Hi!
I've set up a new machine for bulk building. I have tried various
things, but in the end it always hangs in tstile.
First try was what I currently use: tmpfs sandboxes with nullfs
mounted /bin, /lib, ... When it hung, the suspicion was that it's
nullfs' fault. (The same setup works fine on my current machine.)
The second try was tmpfs with copied-in /bin, /lib, ... and
NFS-mounted packages/distfiles/pkgsrc (from localhost). That also
hung. So the suspicion was that tmpfs or NFS are broken.
The last try was building in the root file system, i.e. not even a
sandbox (chroot). The only tmpfs is in /dev. distfiles/pkgsrc/packages
are on spinning rust, / is on an ld@nvme. With 8 MAKE_JOBS this
finished one pkgsrc build (where some packages didn't build because of
missing distfiles, or because they randomly break like rust). When I
restarted the bulk build with 24 MAKE_JOBS, it hung after ~4 hours.

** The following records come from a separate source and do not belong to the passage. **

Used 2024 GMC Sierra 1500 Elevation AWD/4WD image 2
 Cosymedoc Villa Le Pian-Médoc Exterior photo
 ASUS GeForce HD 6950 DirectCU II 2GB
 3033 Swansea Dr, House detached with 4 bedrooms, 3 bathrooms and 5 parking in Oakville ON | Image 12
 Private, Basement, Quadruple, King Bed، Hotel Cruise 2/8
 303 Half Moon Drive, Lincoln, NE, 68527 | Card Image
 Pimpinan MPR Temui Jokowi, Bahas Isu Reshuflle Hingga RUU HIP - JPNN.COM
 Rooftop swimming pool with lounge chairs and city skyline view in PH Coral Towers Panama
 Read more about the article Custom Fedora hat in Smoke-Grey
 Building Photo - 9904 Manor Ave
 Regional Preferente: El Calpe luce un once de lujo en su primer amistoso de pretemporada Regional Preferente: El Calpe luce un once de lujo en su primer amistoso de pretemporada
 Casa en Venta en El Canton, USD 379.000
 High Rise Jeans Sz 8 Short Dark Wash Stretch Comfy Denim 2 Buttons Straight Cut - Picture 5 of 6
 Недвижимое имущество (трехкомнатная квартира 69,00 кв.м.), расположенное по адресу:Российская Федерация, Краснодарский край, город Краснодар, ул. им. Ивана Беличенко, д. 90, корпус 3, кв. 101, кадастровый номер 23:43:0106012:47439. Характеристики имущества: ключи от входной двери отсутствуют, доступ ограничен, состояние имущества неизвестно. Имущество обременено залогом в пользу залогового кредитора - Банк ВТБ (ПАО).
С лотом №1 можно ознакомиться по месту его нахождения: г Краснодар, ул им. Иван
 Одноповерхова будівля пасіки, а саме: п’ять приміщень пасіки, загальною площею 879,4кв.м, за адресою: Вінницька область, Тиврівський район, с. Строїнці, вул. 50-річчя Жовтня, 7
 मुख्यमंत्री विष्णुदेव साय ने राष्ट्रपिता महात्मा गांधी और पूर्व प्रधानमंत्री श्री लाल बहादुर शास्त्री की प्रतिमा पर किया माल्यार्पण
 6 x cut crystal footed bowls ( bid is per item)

I have the following systat output:
2 users Load 8.78 7.19 3.62 Fri Jun 28 04:27:32
Proc:r d s Csw Traps SysCal Intr Soft Fault PAGING SWAPPING
24 10 7548 265849 157956 3504 2399 265476 in out in out
ops
56.2% Sy 1.2% Us 0.0% Ni 0.0% In 42.5% Id pages
| | | | | | | | | | |
============================> 670 forks
fkppw
Anon 294104 % zero 62161268 5572 Interrupts fksvm
Exec 14116 % wired 16296 1968 TLB shootdown pwait
File 24587740 18% inact 43756 100 cpu0 timer relck
Meta 2606694 % bufs 495676 msi1 vec 0 rlkok
(kB) real swaponly free 9 msix2 vec 0 noram
Active 24835908 100033996 9 msix2 vec 1 57262 ndcpy
Namei Sys-cache Proc-cache msix2 vec 2 27906 fltcp
Calls hits % hits % 3427 ioapic1 pin 12 87178 zfod
125076 122834 98 80 0 59 ioapic2 pin 0 35775 cow
msix7 vec 0 8192 fmin
Disks: seeks xfers bytes %busy 10922 ftarg
ld0 1969 16130K 34.8 itarg
dk0 1969 16130K 34.8 flnan
wd0 pdfre
dk1 pdscn
dk2
and this from top:
load averages: 5.13, 6.53, 3.56; up 1+16:08:05 04:28:13
59 processes: 2 runnable, 55 sleeping, 2 on CPU
CPU states: 0.0% user, 0.0% nice, 0.0% system, 0.0% interrupt, 99.9% idle
Memory: 24G Act, 43M Inact, 16M Wired, 14M Exec, 23G File, 95G Free
Swap: 163G Total, 163G Free
PID USERNAME PRI NICE SIZE RES STATE TIME WCPU CPU COMMAND
10353 pbulk 77 0 185M 172M select/0 0:13 4.74% 4.54% bjam
12120 wiz 109 0 83M 59M tstile/1 165:46 1.46% 1.46% systat
0 root 0 0 0K 93M CPU/31 35:39 0.00% 0.00% [system]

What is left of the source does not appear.